Here are David Weinczok’s Best Castles In Autumn.
As the trees turn and the days draw in, we enter a fleeting time of immense beauty. The dramatic colour attracts day-trippers, photographers, hillwalkers and sightseers in one last hurrah before hibernation sets in.
There are few better times of year to get out and about in Scotland, and castle hunting is no exception.
These are the castles that make the very most of this spectacular season. Whether you’re keen to capture that winning picture for Instagram or, like John Muir, simply lose yourself in the boundless playground of the great outdoors.
Highland Perthshire is famous for its foliage, and Blair Castle is nestled right in the heart of ‘big tree country’. The forests here rival any of those in my native Canada. If it’s romance you’re after this is where to find it, amongst the tall trees, ebbing rivers and gentle evening light setting upon the hills.
Blair Castle was a favourite of Queen Victoria, so much so that she and Albert honeymooned here. They enjoying the pleasures of nearby places of beauty such as The Hermitage at Dunkeld and the Black Linn waterfall in Pitlochry.
The castle itself was the scene of the last siege of any castle in Britain (in 1746), though its pearl-white harling gives away no hint of the ravages of war.

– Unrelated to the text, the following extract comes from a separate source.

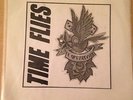 Time Flies Invasion EP 7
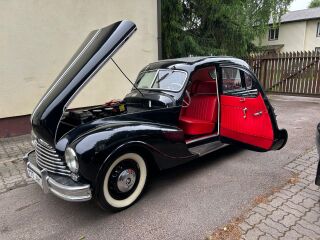 BMW 340 2.0 55kW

Castle Campbell is perhaps the best example I know of a castle that exudes the rugged wonder of the Highlands while still being firmly in the Lowlands.

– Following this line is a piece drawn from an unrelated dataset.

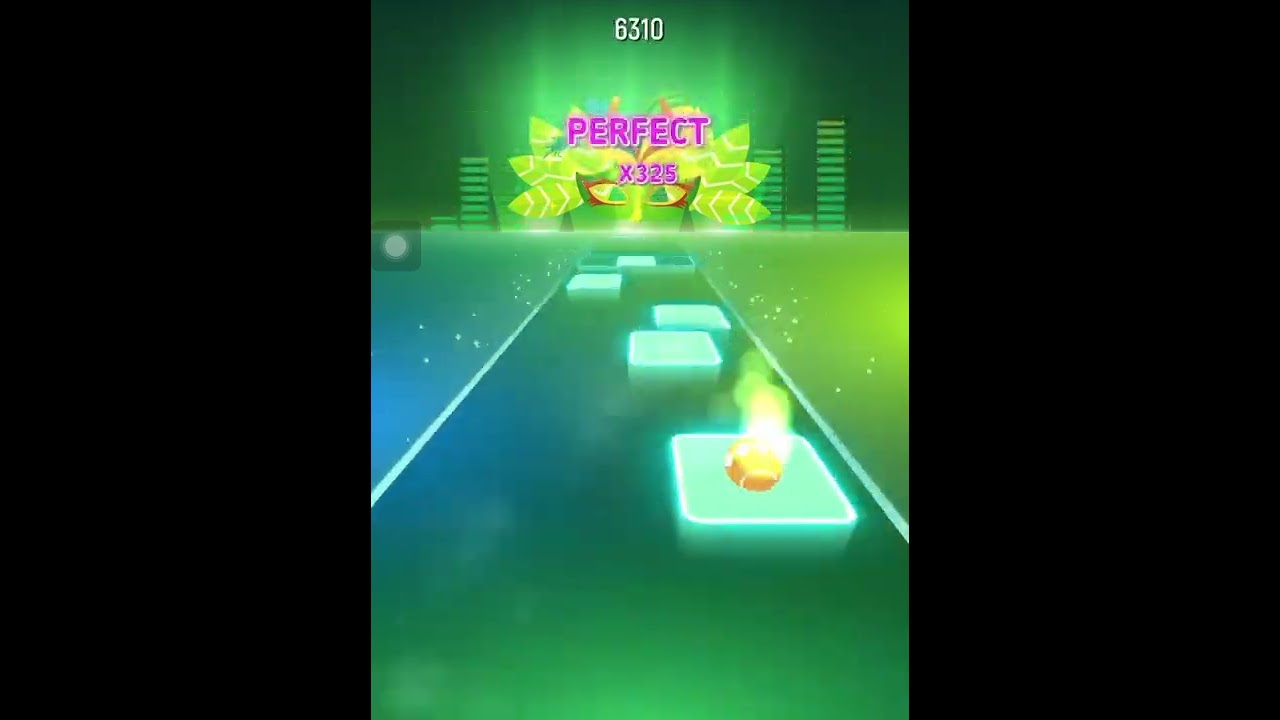 Catiso - Swing | Tiles Hop | Endless Mode 17 | Record: 20230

There is a car park right at the castle gates, but reaching it by foot is a treat. The walk up and down the gorge follows the Burn of Care and the Burn of Sorrow. It would be worth doing even if you weren’t rewarded with a great castle at the end! I do pity the labourers who had to get all that stone up there, though.
The castle affords a near-bird’s eye view of Clackmannanshire and the Lothians to the south. To the north, Dollar Glen unfolds invitingly.
Inside you’ll find a Renaissance-era arcade, a terraced garden, and stout towerhouse – a reminder of the power of the Campbells, and the ire that such power often invites.
A predictable choice, perhaps; a worthy one, undoubtedly! Kilchurn Castle is a star amongst Scottish castles for very good reason. It stands guard on a small peninsula – jutting out into aptly-named Loch Awe and backed by mighty Ben Cruachan. It was on these slopes Robert Bruce battled the MacDougalls in 1308. Ambitious castle hunters could easily combine a visit to Kilchurn with a little munro bagging and be rewarded with panoramic views over one of Scotland’s most beguiling areas.
We have the Campbells to thank for Kilchurn, too. The castle started as a fortified tower in the 15th century and was later adapted into a comfortable residence and then again into a barracks. It was overshadowed by the construction of a modernised fort built by Cromwell’s troops at Fort William (hence the name of that town). It is now the ideal ruin, bestirring the inner bard in all who set eyes on it.
From Kilchurn at one end of the popularity spectrum, let us turn to a more hidden treasure.
Perched over the Clyde, there is little left of Corra Castle and interior access is not possible. What it lacks in access, however, it makes up for in atmosphere. The castle seems like somewhere that a fairy tale may be set, with its charming front door and vegetation overflowing the battlements. The Clyde can be heard below, while many birds and bats call the ruins home.
Combined with a little stravaiging on the local paths, the castle is well worth going out of your way for. Not ten minutes’ walk away is Corra Linn, pictured above. This is one of the four Falls of Clyde and an elemental display of the power of this all-important river. Complete the adventure with a stroll into the UNESCO World Heritage Site of New Lanark. It’s one of our Top Family Walks In Autumn, too. Here Enlightenment ideals fought back against the inhumanity of the 19th century industrial workplace.
Where’s Your Favourite?
There are countless other castles that take on a whole new life with the onset of autumn, of course. The northeast has plenty of options, including Braemar and Crathes. I would feel remiss if I did not mention places like Loch Doon Castle, Galloway, or Carnasserie Castle, Argyll.
They’re all yours to discover, and to cherish as the prettiest of pictures and memories to warm you through the winter.